Joanne always assumed that she would spend her golden years tutoring students and reading to others, but macular degeneration derailed her plans. “I asked the Lord what He would have me do instead,” she explained to our group, “and He told me to pray for the younger generation because they need to be lifted up in prayer. So now that’s my volunteer assignment.”
And my friend Phyllis, 93, has volunteered at a thrift shop that supports community philanthropies for almost 30 years.
It’s a privilege to know older adults who still have the heart to volunteer at a time in their lives when they could so easily sit back and say, “Been there, done that. It’s someone else’s turn to volunteer now.” Rather than be complacent, they see a need and rise up to meet it. They say like Isaiah in Isaiah 6:8, “Here am I. Send me!” I call them vintage volunteers.
Recently I was asked to address a group of volunteers at the Ronald McDonald House of Southern Colorado, and I identified what all volunteers need to succeed: passion, commitment, and hope.
Our passion may be whatever makes us extremely happy or extremely angry. Whatever consumes our thoughts and inspires us to sign up or write a check. Once we identify a passion for some cause, we are more likely to volunteer.
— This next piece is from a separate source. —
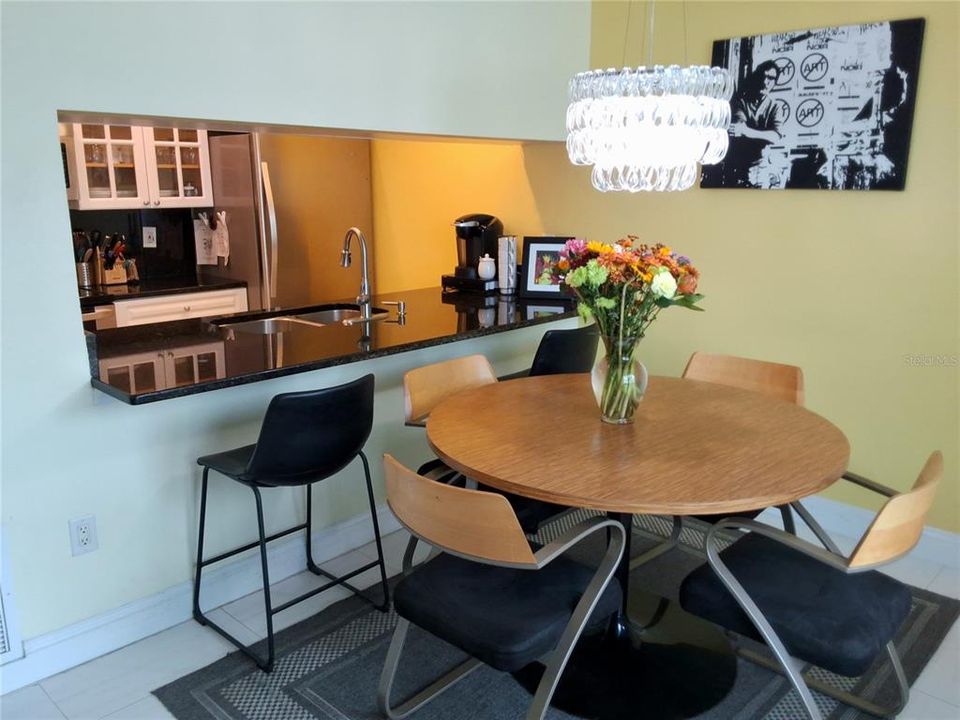 Activo con contrato: $149,999 (2 camas, 2 baños, 912 Pies cuadrados)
And every volunteer needs commitment. It’s commitment that makes us show up for our volunteer shift even when it would be easier to call and cancel. And it’s commitment that moves us to complete any task we see that needs doing, even if it’s not in our volunteer job description.
Without hope, we wouldn’t volunteer at all, would we? We volunteer our time and resources because we hope our involvement will make a difference. And we hope because we care.
If you have elders in your life with time on their hands, help them recall a passion that motivated them in the past. If possible, identify some task, however small, that they can do to feed that passion. Encourage them to be committed to this volunteer effort and instill them with hope that what they do will make a difference. Vintage volunteers have so much to offer, and volunteering in any way adds purpose to their days.